# MiniMIUI Project



## Bluewall

/!\ Since people on XDA are very dumb sometimes, i decided to post it here too. I just opened my thread to see what's up and i saw this "OP GO KILL YOURSELF" in the tags  . So please, this is my first try to make a ROM project so tell me what you think but no need to be that bad. /!\

Hello everybody !

Like everyone knows, last week we had a pretty good news, the HTC Sensation is officialy supported by MIUI for the V4.

And ice on the cake, this come the 29 february !

But what about a little mod ? Isn't it sad that we only take the official update and no more fun with dev on MIUI ?

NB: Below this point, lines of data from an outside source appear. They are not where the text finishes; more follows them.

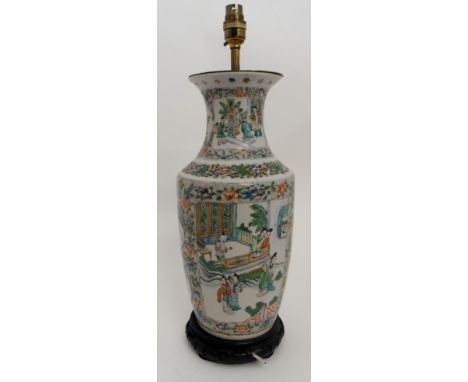 A CHINESE FAMILLE VERTE BALUSTER VASE painted with panels of courtiers in garden palaces within foliate borders on a seed pat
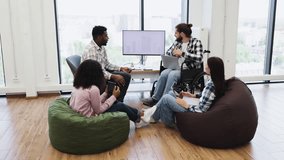 Multiracial team discussing project ideas in office, including man wheelchair, in bright space - Powered by Shutterstock - Get 15% off with code: PIKWIZARD15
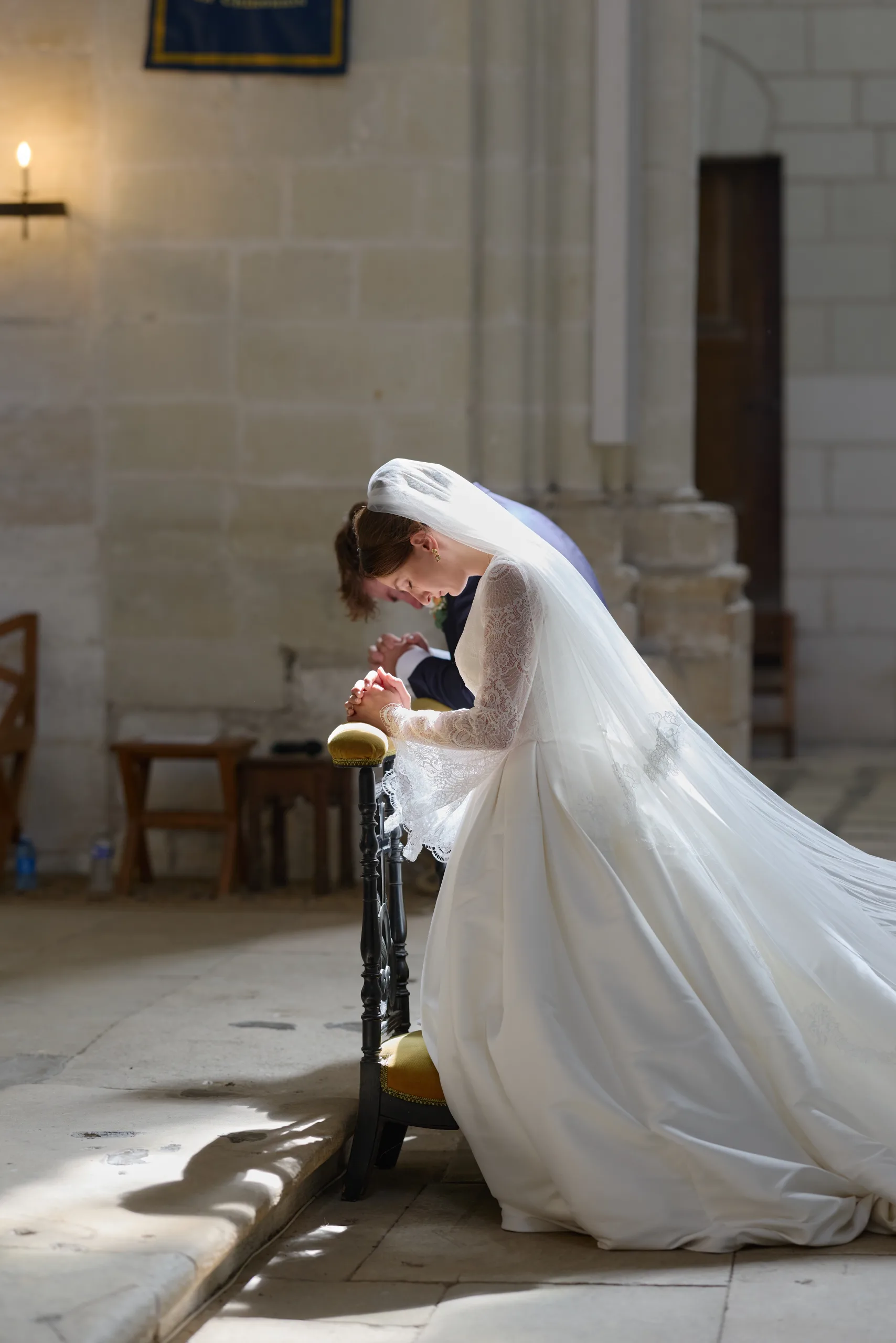 Femme en robe blanche agenouillée près d’un prie-Dieu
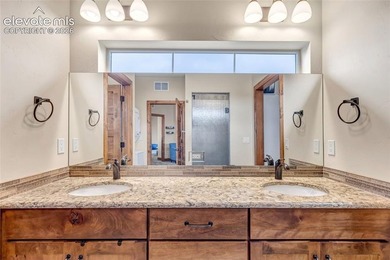 This exceptional residence, tucked behind the private gates of - photo 30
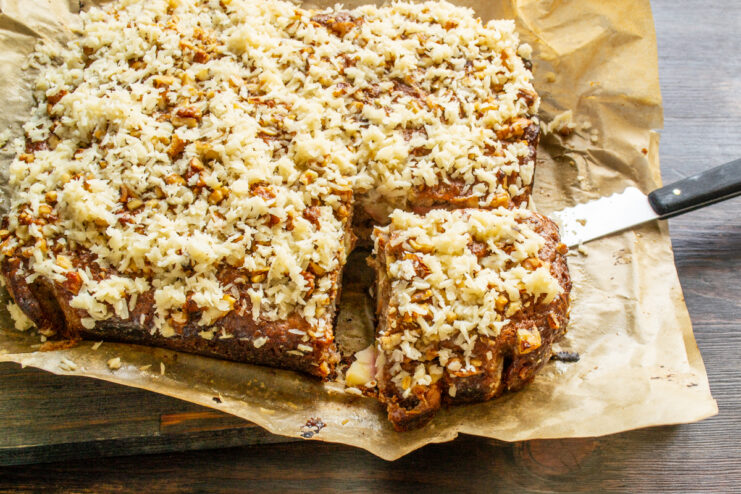 Pastel de manzana con coco cortado en porciones sobre papel pergamino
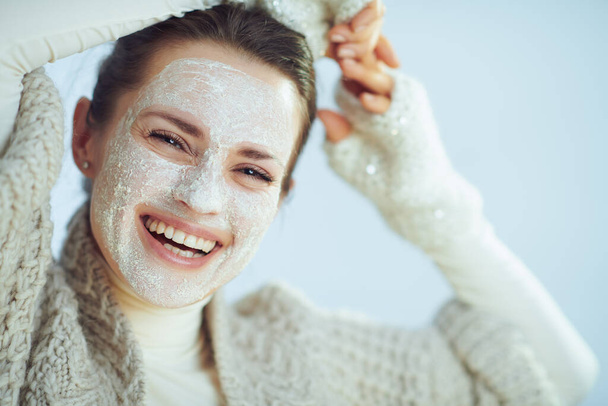 Portrait of smiling modern woman in roll neck sweater and cardigan with white facial mask as part of winter skin care isolated on winter light blue background. - Photo, Image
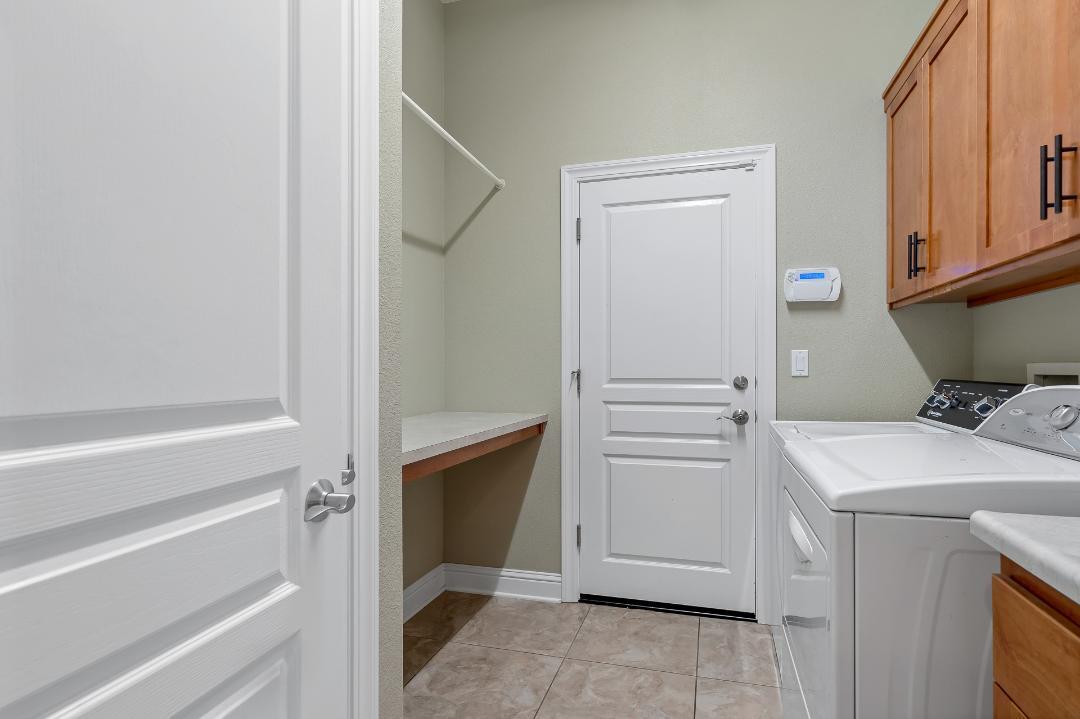 3685 Wimbledon Drive Redding, CA 96002 - Photo 31 of 70 a view of washer and dryer with kitchen in the background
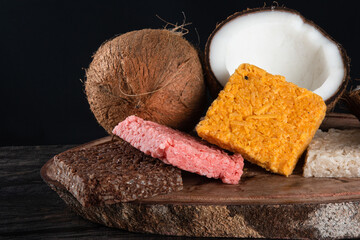Cocada coconut candy, sweet Brazilian in rustic wood background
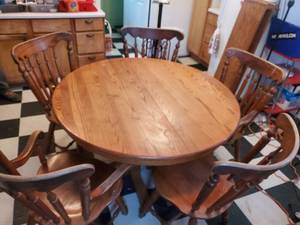lot 1919 image: Wooden Dining Table Set - 4 Round Dining Table, Wood Dining Arm Chairs (x2), Wood Dining Chairs (x3),  Leaves (x2)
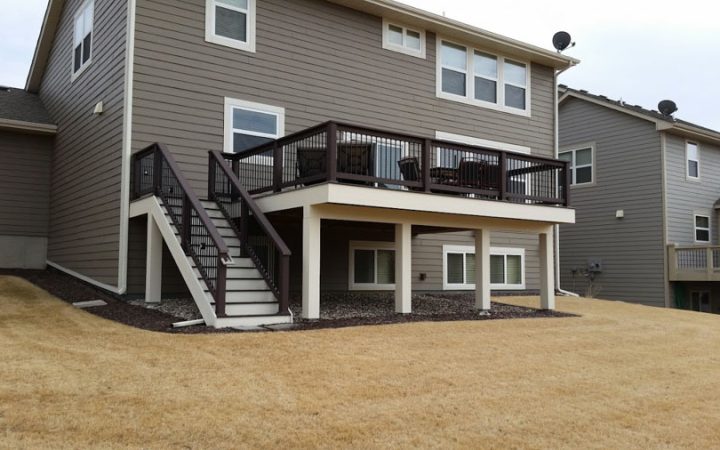 A two-tiered deck with brown railings and stairs attached to a gray-sided house, situated on a sloped, dry grassy yard.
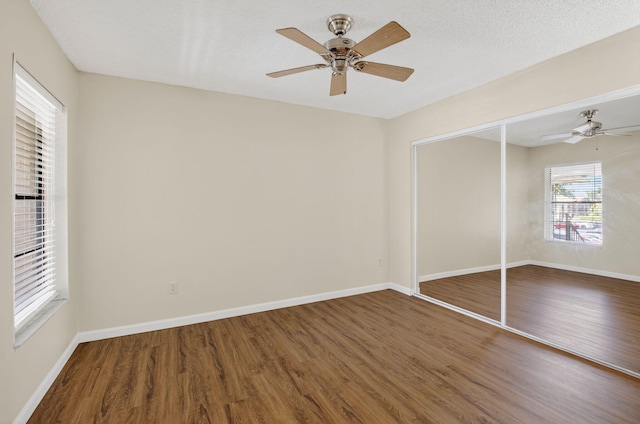 9521 Boca Cove Cir Unit 508, Boca Raton, FL 33428 - unfurnished bedroom with wood finished floors, a closet, and ceiling fan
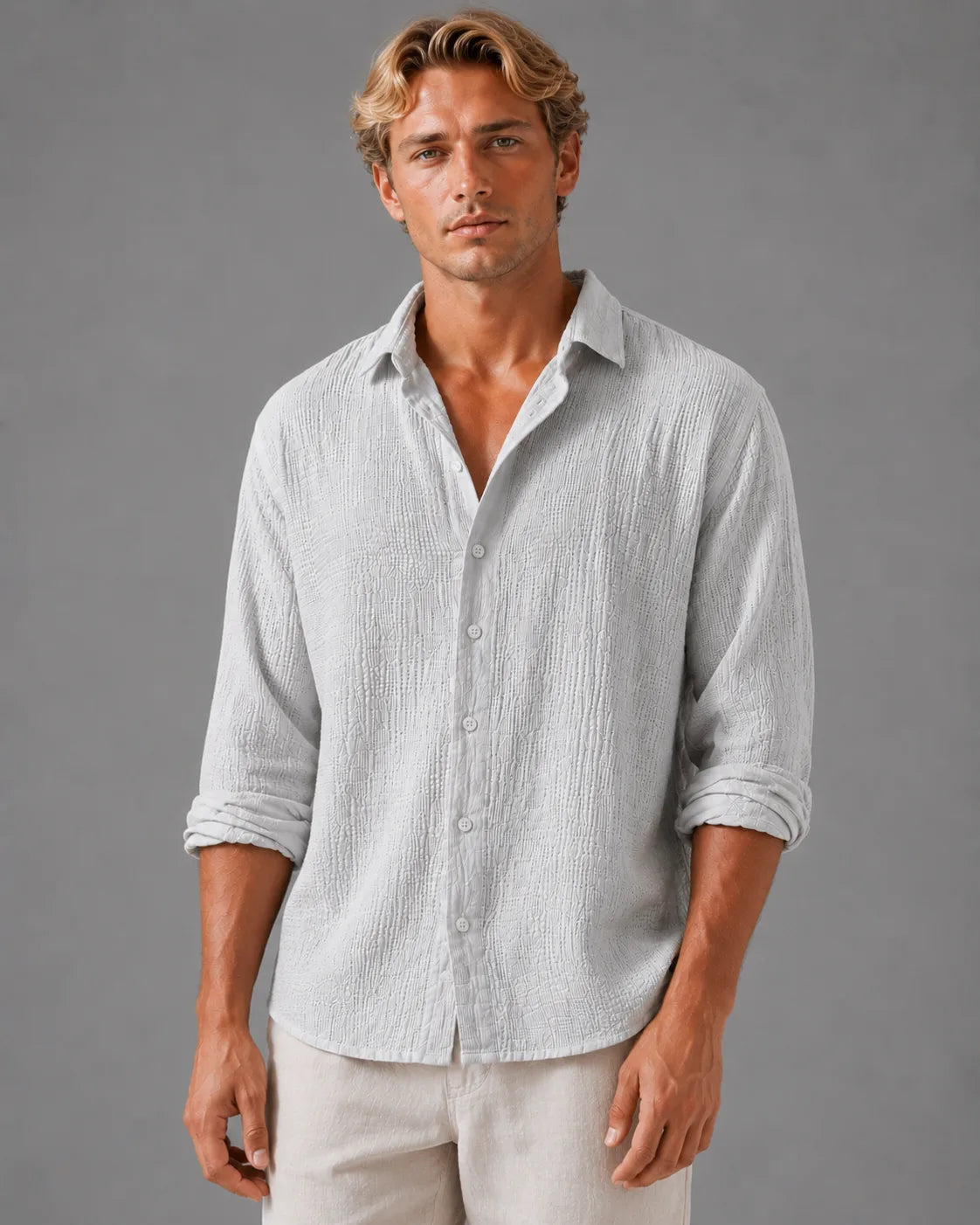 Man wearing a light grey textured cotton shirt, front view, buttoned with rolled sleeves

So i had an idea. What about making a minimal MIUI ROM ("MiniMIUI") where we take away all unnecessary stuffs and and with a minal theme ?

If you want to have an idea of what i'm talking about, it's a little bit the same idea as HyperSensation from Kris, a CyanogenMod minial ROM.

Saddly, i'm not a dev. But i'm in Android business for like 3 years now, flashing ROM like an addict. So, i'm thinking about having a team for it. And i can be the main tester since i have pretty good knowledge about Android (and specially MIUI).

And i'm in design, i can do some goodies btw (like wallpaper, ring, etc...)

So, are you interessted in project ? I want your feedback ! And most of all, i'm searching :

- 1 or 2 dev
- 1 or 2 themer that can make our minal mtz theme

Let's the fun begin !

PS: If you're interessted, please, send me a PM (and leave something here ) 

TEAM :

- Icons and Bootanimation : hinderbrus

- Dev : kristofpetho

- Tester and coordinator : Bluewall


----------



## chukis13

Sounds like a good idea. Unfortunately I'm no dev so I'll just wait and flash. Good luck.

Sent from my HTC Pyramid using Tapatalk


----------



## fejker

I don't see the point since anyone can delete the apps that are not needed and anyone can select a theme from the large selection of themes that are available in the MIUI theme gallery (ring tones included).

OK, I get that it's more convenient to just flash a ROM that doesn't have the bloatware to start with, but I don't really see the point in having a team for this. It would be better to just spend some time designing a theme and putting it on-line.


----------



## rawdealer

Totally agree  I make themes for MIUI, but just for my own satisfaction, not to be obligated to some developer ))


----------



## Bluewall

Ok let me explain, we will remove more than app, lib files and stuff too

But thanks for your feedback







)


----------



## rawdealer

No problem....one more thing, you'll have a problem to find themer if someone else will do or choose icons instead of him







it's theme releted (themer taste ;-) )

Sent with a cold beer in my hand


----------



## EspElement

I loved the hypersensation for CM7. Have at it boys. I would give it a try.


----------



## Zehlek

rawdealer said:


> Totally agree  I make themes for MIUI, but just for my own satisfaction, not to be obligated to some developer ))


Hey can you make an Aosp ICS miui v4 theme? I tried Black Ice but it doesn't work on Miui 4


----------



## gmi0078

any news?


----------